### [What to do]
Reproduce the listing below exactly, except for its pictures.

### [Information shown]
= Beginning of Section =

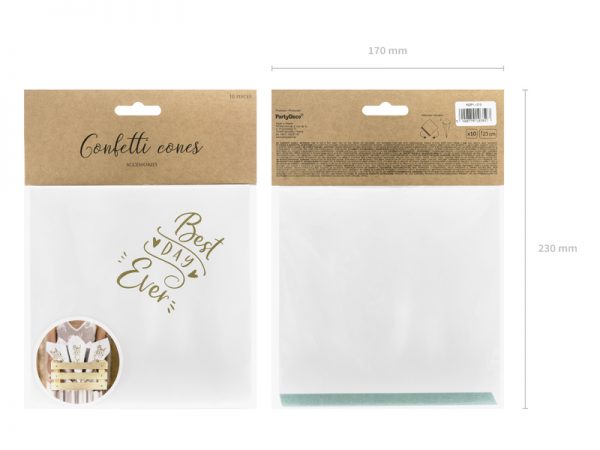 Dekoration Weiße und goldene Papierkonfetti-Tüten: 10 Stück.
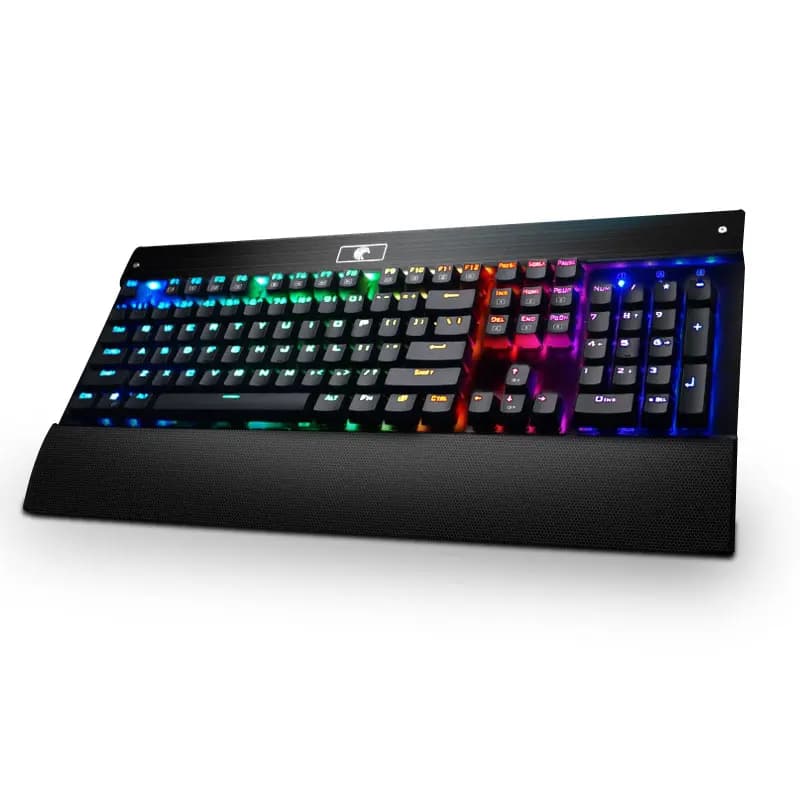 E-Element Z-77 RGB Mechanical Gaming Keyboard with Programmable RGB Backlit, DIY Blue Switches, Wrist Rest, and 104 Keys Anti Ghosting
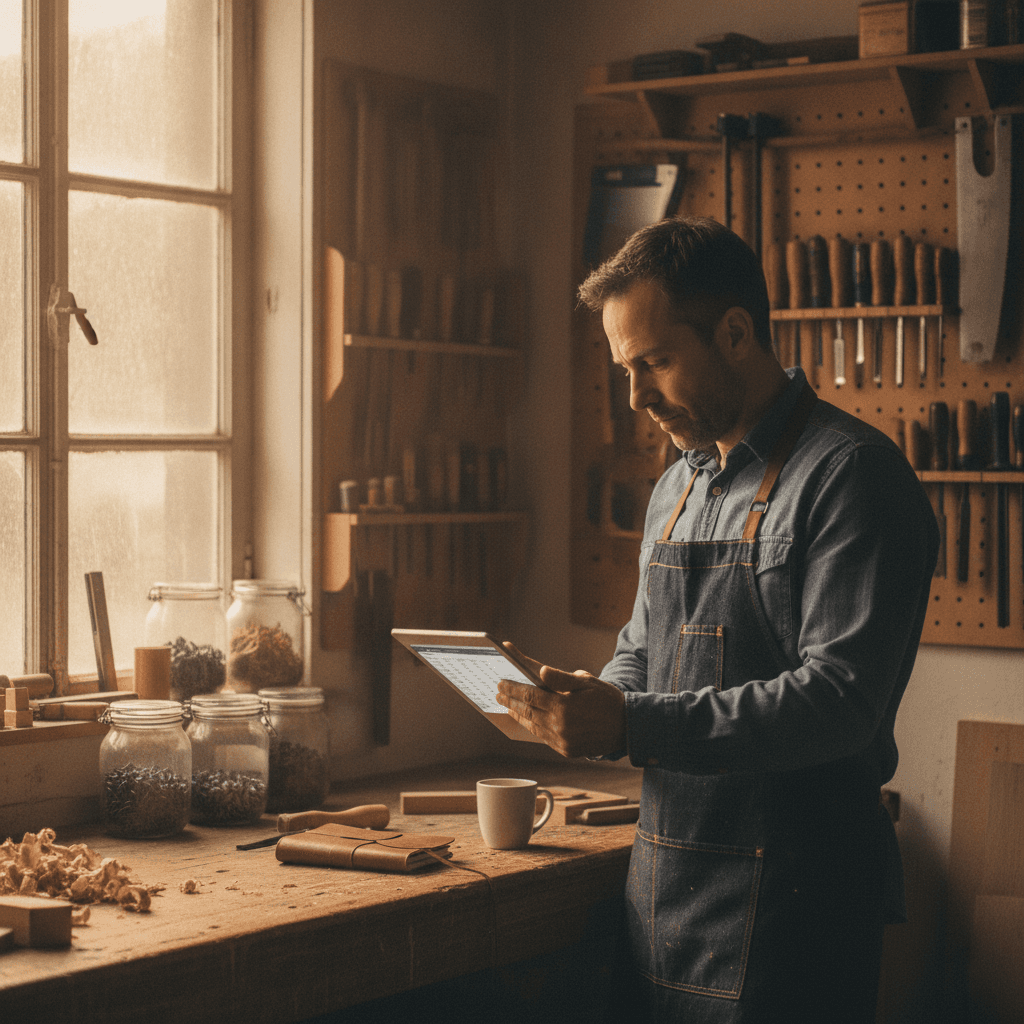 Artisan plombier toulousain consultant les tarifs de création de site internet sur une tablette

= End of Section =

### [Written answer]
 Dekoration Weiße und goldene Papierkonfetti-Tüten: 10 Stück.
 E-Element Z-77 RGB Mechanical Gaming Keyboard with Programmable RGB Backlit, DIY Blue Switches, Wrist Rest, and 104 Keys Anti Ghosting
 Artisan plombier toulousain consultant les tarifs de création de site internet sur une tablette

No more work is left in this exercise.